◆ **REQUIRED WORK**: From the line containing "Škoda Kodiaq 2,0 TDI 147kW 4x4 CZ Spor 2022" through the end of the material below, output each line exactly as written, with pictures excluded.

SOURCE MATERIAL Block Start

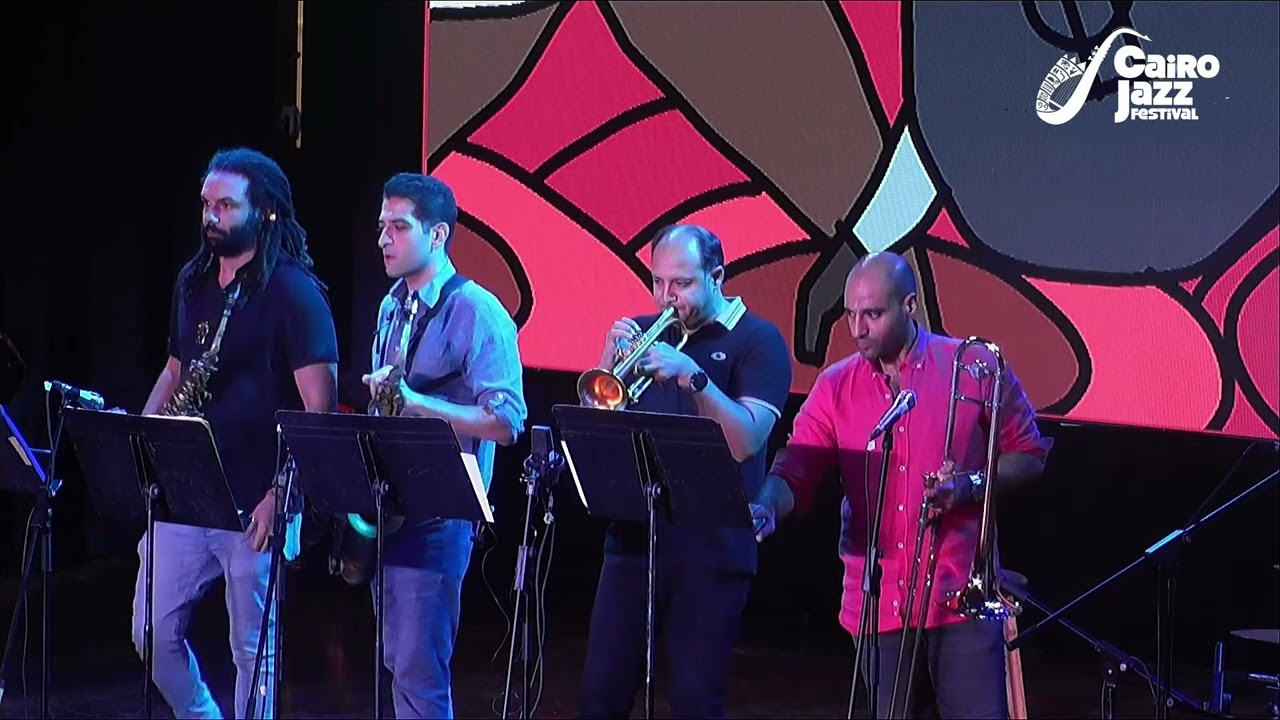 Mood - Tarek Raouf ensemble Live at Cairo Jazz Festival 2023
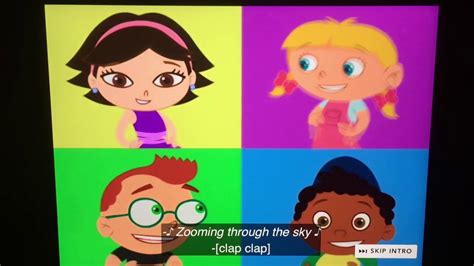 Little Einsteins Theme Song British Season 2 Nick Jr Uk Footage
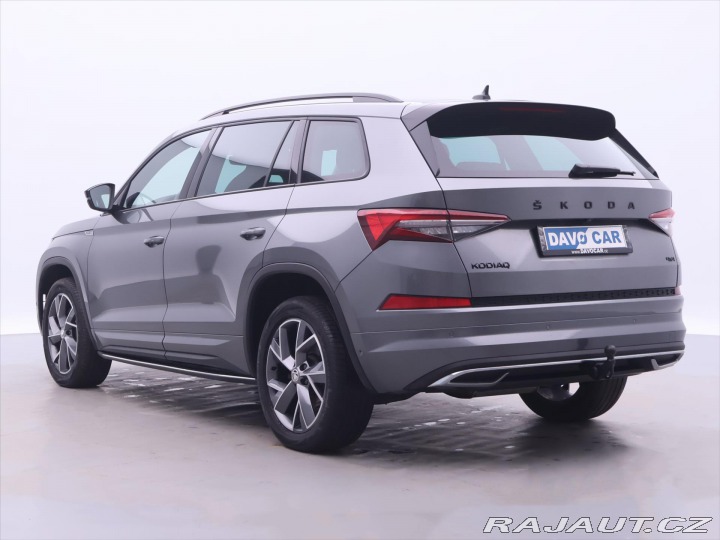 Škoda Kodiaq 2,0 TDI 147kW 4x4 CZ Spor 2022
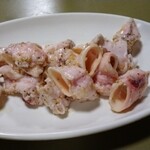 ホルモン屋 - 食感が楽しいクダ 517円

SOURCE MATERIAL Block End

◆ **EXERCISE ANSWER**:
 Škoda Kodiaq 2,0 TDI 147kW 4x4 CZ Spor 2022
 ホルモン屋 - 食感が楽しいクダ 517円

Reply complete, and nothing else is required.